Frequently Asked Questions (FAQ) about Sentiment Analysis

What are the three types of sentiment analysis?

There are three main types:

  • Rule-based analysis uses manually defined dictionaries and rules.
  • Automated analysis is based on machine learning models.
  • Hybrid analysis combines both approaches for higher accuracy
What is the difference between NLP and sentiment analysis?

NLP (Natural Language Processing) is the broader field that enables machines to understand human language. Sentiment analysis is a specific application of NLP focused on identifying the emotional tone (positive, neutral, negative) within texts.

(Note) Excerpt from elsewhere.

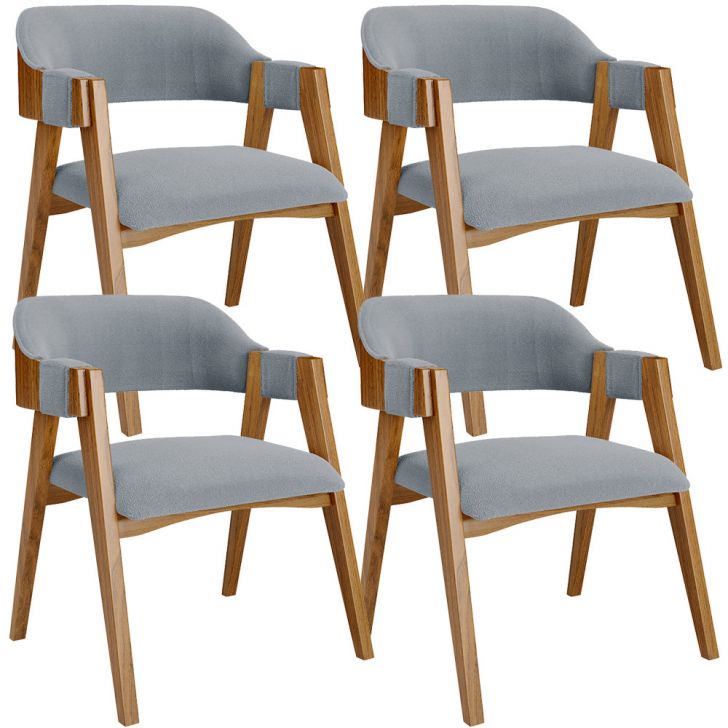 Kit 04 Cadeiras Para Sala de Jantar e Estar Living Estofada Suran L02 Bouclê Cinza - Lyam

What is emotion analysis and how does it differ?

Emotion analysis goes deeper than traditional sentiment analysis. It identifies specific emotions such as joy, anger, fear, or surprise — not just the overall sentiment.

Can I use ChatGPT for sentiment analysis?

Yes, ChatGPT can perform basic sentiment analysis, such as assessing individual statements. However, for large-scale, automated analysis, a specialized solution like zenloop is recommended.

How is sentiment measured in sentiment analysis?

Typically, numerical scores are used — for example, from -1 (negative) to +1 (positive). These values are generated by evaluating keywords, sentence structure, and context.

How do you start sentiment analysis in a company?

First, define your goal (e.g., improving customer satisfaction), select relevant data sources (e.g., customer feedback, social media), and use a suitable analysis tool — such as zenloop.